Christian Trieb, Leiter des Competence Center Support und Vorstand der DOAG Datenbank Community, und Michael Paege, Leiter des Competence Center Lizenzierung und stellv. Vorsitzender der DOAG, haben versucht, hierüber mit den für Support zuständigen Ansprechpartnern von Oracle zu sprechen. Leider verweigert Oracle ein gemeinsames Telefongespräch und verweist auf die Oracle Technical Support Policies: https://www.oracle.com/us/assets/057419.pdf

„Bestandskunden werden gegenüber Neukunden benachteiligt, da sie bereits vor Jahren die Lizenzen beschafft und seitdem auch jährliche Supportzahlungen geleistet haben“, meint Christian Trieb. „Da sich die Grundpreise der Datenbank nicht geändert haben, muss man wirklich von einer deutlichen Schlechterstellung der Bestands- gegenüber den Neukunden sprechen“, unterstützt Michael Paege.

Man muss Oracle allerdings ein Argument zugutehalten: Durch den damaligen Kauf der heutigen Ex-Optionen war zu dem Zeitpunkt der Umsatz laut der Listenpreise für Lizenz und Support höher. Der Kunde hat dadurch also einen höheren Discount erzielt, der sich auch in den Folgejahren auf einen niedrigeren Supportpreis auswirkt. Dies meint Oracle vermutlich mit seinem Hinweis auf die Technical Support Policies. Allerdings sind wir der Meinung, dass diese Differenzen durch den Kauf der Lizenz und durch den jahrelangen Support der Ex-Optionen ausgeglichen sein müssten.

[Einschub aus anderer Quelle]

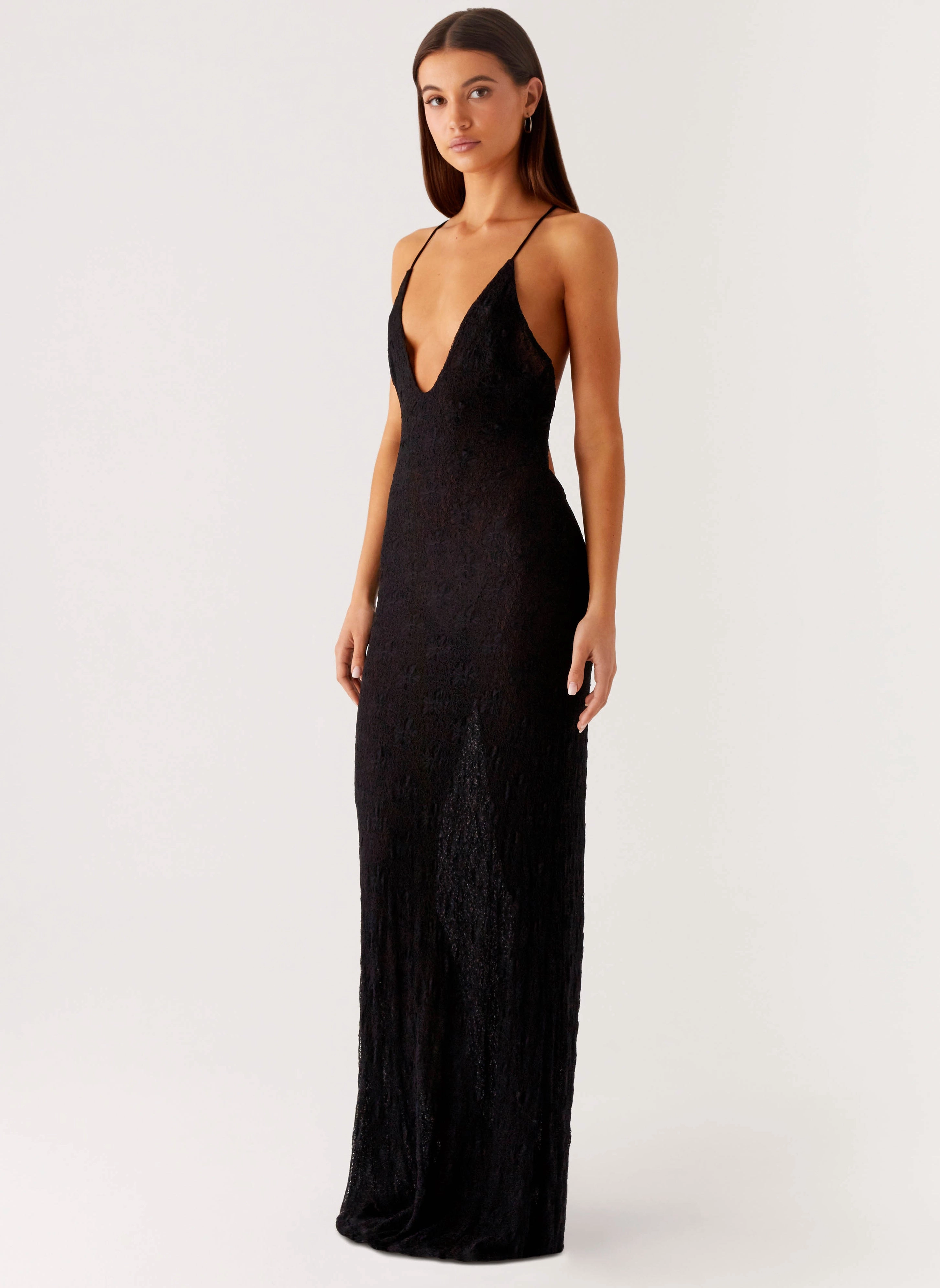 Elegant Fabric Kylia Maxi Dress - Black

Sollte Oracle in den oben genannten Punkten kein Verständnis zeigen und den Bestandskunden die Kündigung, also die Nicht-Verlängerung des Supports der Ex-Optionen weiterhin verweigern, hat der DOAG-Gesamtvorstand beschlossen, die Situation juristisch prüfen zu lassen und gegebenenfalls juristische Schritte einzuleiten.